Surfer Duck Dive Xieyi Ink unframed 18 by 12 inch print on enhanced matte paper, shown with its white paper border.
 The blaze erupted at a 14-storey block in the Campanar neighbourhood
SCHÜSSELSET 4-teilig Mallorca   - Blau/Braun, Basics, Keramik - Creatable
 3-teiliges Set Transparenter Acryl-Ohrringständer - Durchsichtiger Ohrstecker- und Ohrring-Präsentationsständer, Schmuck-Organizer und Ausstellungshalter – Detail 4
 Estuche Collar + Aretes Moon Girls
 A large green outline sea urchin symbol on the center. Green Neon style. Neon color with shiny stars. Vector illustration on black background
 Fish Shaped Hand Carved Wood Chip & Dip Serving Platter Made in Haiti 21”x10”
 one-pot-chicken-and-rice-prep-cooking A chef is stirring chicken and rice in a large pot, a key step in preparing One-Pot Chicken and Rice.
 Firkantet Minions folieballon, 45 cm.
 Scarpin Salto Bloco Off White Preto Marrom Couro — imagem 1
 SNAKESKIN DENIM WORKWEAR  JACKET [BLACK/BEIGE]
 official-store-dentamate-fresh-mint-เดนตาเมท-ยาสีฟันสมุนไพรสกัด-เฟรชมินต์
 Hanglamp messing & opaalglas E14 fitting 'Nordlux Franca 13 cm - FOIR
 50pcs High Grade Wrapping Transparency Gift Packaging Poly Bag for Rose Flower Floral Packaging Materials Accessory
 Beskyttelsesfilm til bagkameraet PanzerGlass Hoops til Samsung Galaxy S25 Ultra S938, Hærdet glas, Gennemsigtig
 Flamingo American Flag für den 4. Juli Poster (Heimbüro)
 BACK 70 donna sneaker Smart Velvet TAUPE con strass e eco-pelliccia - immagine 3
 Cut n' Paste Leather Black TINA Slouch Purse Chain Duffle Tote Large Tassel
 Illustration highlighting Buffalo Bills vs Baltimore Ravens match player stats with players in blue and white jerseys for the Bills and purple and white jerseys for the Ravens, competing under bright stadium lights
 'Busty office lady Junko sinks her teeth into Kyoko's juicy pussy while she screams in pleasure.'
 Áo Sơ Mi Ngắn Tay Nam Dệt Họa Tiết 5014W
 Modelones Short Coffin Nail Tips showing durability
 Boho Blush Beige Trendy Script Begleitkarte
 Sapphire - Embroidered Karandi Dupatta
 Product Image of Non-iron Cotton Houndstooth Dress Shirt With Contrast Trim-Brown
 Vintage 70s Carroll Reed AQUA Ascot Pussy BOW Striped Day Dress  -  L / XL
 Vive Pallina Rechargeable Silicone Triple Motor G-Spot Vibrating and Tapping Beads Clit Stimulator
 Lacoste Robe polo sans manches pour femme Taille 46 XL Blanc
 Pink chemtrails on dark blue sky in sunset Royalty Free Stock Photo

— Goal of the exercise —
Exactly the lines from the one holding "Hanglamp messing &" through the end of the records above are to be returned, and nothing else.

— Result of this exercise —
 Hanglamp messing & opaalglas E14 fitting 'Nordlux Franca 13 cm - FOIR
 50pcs High Grade Wrapping Transparency Gift Packaging Poly Bag for Rose Flower Floral Packaging Materials Accessory
 Beskyttelsesfilm til bagkameraet PanzerGlass Hoops til Samsung Galaxy S25 Ultra S938, Hærdet glas, Gennemsigtig
 Flamingo American Flag für den 4. Juli Poster (Heimbüro)
 BACK 70 donna sneaker Smart Velvet TAUPE con strass e eco-pelliccia - immagine 3
 Cut n' Paste Leather Black TINA Slouch Purse Chain Duffle Tote Large Tassel
 Illustration highlighting Buffalo Bills vs Baltimore Ravens match player stats with players in blue and white jerseys for the Bills and purple and white jerseys for the Ravens, competing under bright stadium lights
 'Busty office lady Junko sinks her teeth into Kyoko's juicy pussy while she screams in pleasure.'
 Áo Sơ Mi Ngắn Tay Nam Dệt Họa Tiết 5014W
 Modelones Short Coffin Nail Tips showing durability
 Boho Blush Beige Trendy Script Begleitkarte
 Sapphire - Embroidered Karandi Dupatta
 Product Image of Non-iron Cotton Houndstooth Dress Shirt With Contrast Trim-Brown
 Vintage 70s Carroll Reed AQUA Ascot Pussy BOW Striped Day Dress  -  L / XL
 Vive Pallina Rechargeable Silicone Triple Motor G-Spot Vibrating and Tapping Beads Clit Stimulator
 Lacoste Robe polo sans manches pour femme Taille 46 XL Blanc
 Pink chemtrails on dark blue sky in sunset Royalty Free Stock Photo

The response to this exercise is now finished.